Les cours commencent généralement à 8h45 mais, étant donné qu'il s'agit du premier jour de l'année, il a fallu aux élèves un peu de temps pour récupérer leurs emplois du temps et, comme l'exige la tradition de BH, assigner à chaque nouvel élève un « mentor » chargé de lui faire découvrir le lycée. Personne pour Beth et Jules, qui n'ont d'ailleurs que deux cours en commun cette année : biologie et physique/chimie.

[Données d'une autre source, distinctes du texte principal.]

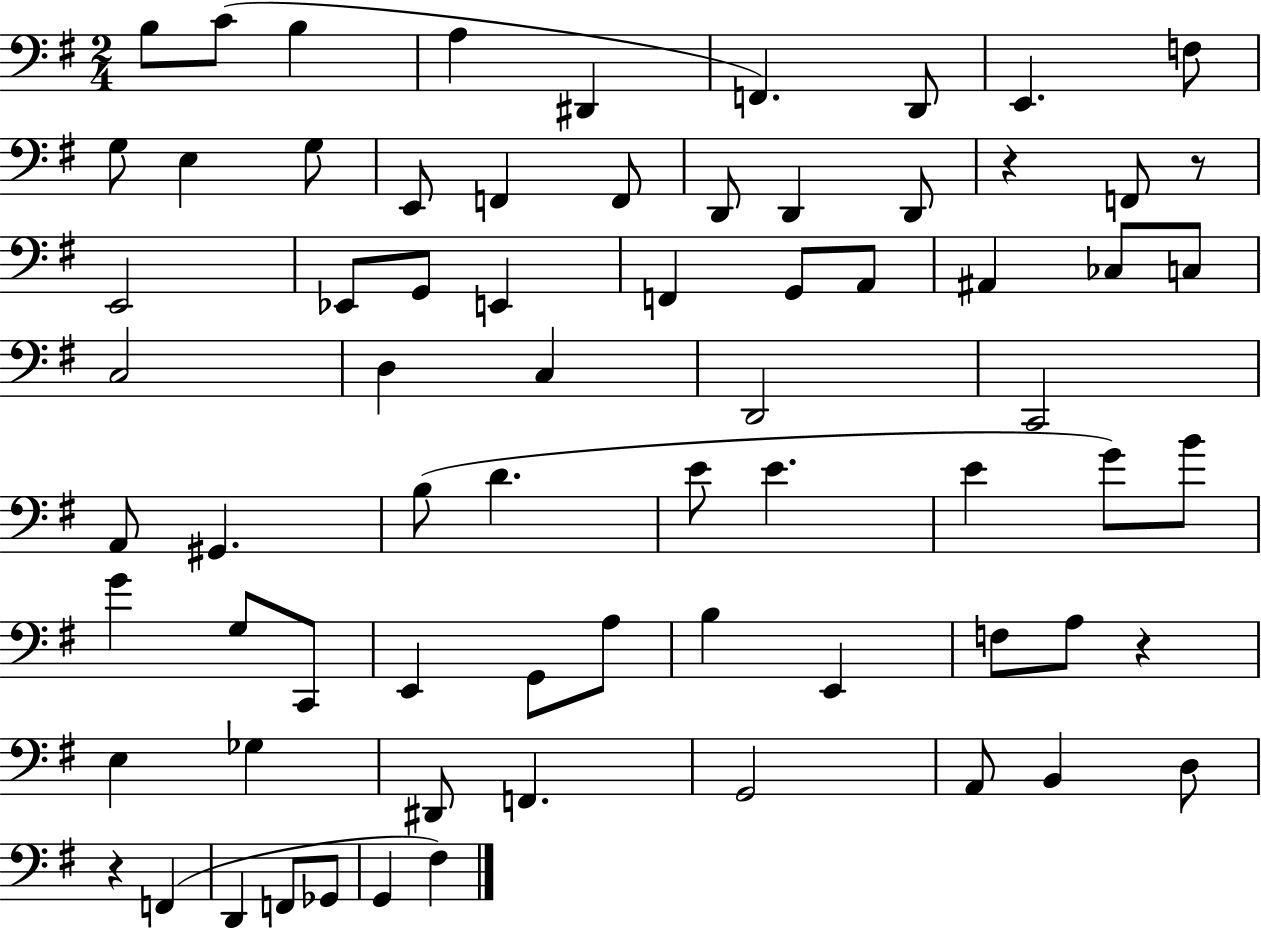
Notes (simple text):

B3/e C4/e B3/q A3/q D#2/q F2/q. D2/e E2/q. F3/e G3/e E3/q G3/e E2/e F2/q F2/e D2/e D2/q D2/e R/q F2/e R/e E2/h Eb2/e G2/e E2/q F2/q G2/e A2/e A#2/q CES3/e C3/e C3/h D3/q C3/q D2/h C2/h A2/e G#2/q. B3/e D4/q. E4/e E4/q. E4/q G4/e B4/e G4/q G3/e C2/e E2/q G2/e A3/e B3/q E2/q F3/e A3/e R/q E3/q Gb3/q D#2/e F2/q. G2/h A2/e B2/q D3/e R/q F2/q D2/q F2/e Gb2/e G2/q F#3/q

C'est après avoir dit au revoir à celle-ci que Beth entre dans la salle de Mme Fawcett –professeure réputée d'anglais, présente depuis une éternité, autant dire une antiquité. B. la connait bien, elle l'a eue l'année dernière. Elle la salue rapidement avant de gagner sa place habituelle, rangée de droite, près de la fenêtre, ni trop proche du bureau, ni trop éloignée –une position stratégique qu'Annabeth occupe dans chacun de ses cours. Vous savez ? Cette place où l'on peut à la fois être à l'abri professeur sans pour autant être perturbé par les cancres du fond de la classe. Proche de la fenêtre quand il fait chaud et près du radiateur quand il faut justement se réchauffer. Beth se félicite encore de cette décision quand un sac, négligemment lancé, heurte la table voisine. Elle sursaute violemment et renverse le contenu de sa trousse, qu'elle s'empresse évidemment de ramasser.

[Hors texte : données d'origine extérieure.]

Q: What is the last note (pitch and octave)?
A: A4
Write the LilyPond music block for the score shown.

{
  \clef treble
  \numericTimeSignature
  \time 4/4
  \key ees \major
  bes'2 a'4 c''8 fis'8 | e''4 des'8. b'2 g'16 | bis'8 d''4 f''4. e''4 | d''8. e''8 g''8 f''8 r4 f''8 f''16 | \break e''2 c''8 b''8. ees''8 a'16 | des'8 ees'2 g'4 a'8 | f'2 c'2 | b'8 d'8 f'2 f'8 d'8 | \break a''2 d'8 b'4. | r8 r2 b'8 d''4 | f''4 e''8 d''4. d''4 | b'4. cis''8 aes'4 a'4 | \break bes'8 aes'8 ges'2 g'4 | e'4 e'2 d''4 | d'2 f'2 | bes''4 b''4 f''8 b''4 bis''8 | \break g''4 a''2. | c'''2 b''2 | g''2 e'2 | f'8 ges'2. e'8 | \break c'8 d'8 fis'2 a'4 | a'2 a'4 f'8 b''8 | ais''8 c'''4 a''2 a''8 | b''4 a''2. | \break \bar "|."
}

« - Deuxième fois qu'on essaye de te tuer aujourd'hui ? T'aurais pu me prévenir que t'attirais autant le danger, je tiens plutôt pas mal à ma vie ces jours-ci. »

« - Que veux-tu, le danger m'apprécie au point de ne plus me laisser une seconde de répit. » répond-elle sans lever la tête de ses stylos.

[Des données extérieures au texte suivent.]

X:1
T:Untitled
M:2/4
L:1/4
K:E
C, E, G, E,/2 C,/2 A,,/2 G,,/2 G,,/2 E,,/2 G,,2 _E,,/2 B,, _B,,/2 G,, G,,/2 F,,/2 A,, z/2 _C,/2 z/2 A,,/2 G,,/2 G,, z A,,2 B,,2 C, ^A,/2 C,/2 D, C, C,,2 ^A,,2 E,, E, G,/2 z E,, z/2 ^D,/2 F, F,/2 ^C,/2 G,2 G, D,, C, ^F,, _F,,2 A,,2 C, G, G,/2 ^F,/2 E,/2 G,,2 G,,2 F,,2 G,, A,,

« - Je tâcherai de m'en souvenir, mais je ne suis pas contre un peu de piment dans ma vie à vrai dire. Je prendrai donc le risque : la table est libre Danger ? »

Annabeth lâche un « oui » indifférent, toujours focalisée sur ses stylos éparpillés tout autours d'elle. A quatre pattes sous sa table, elle ne s'intéresse guère à son interlocuteur –surtout que c'est de sa faute si elle s'est retrouvée dans cette situation.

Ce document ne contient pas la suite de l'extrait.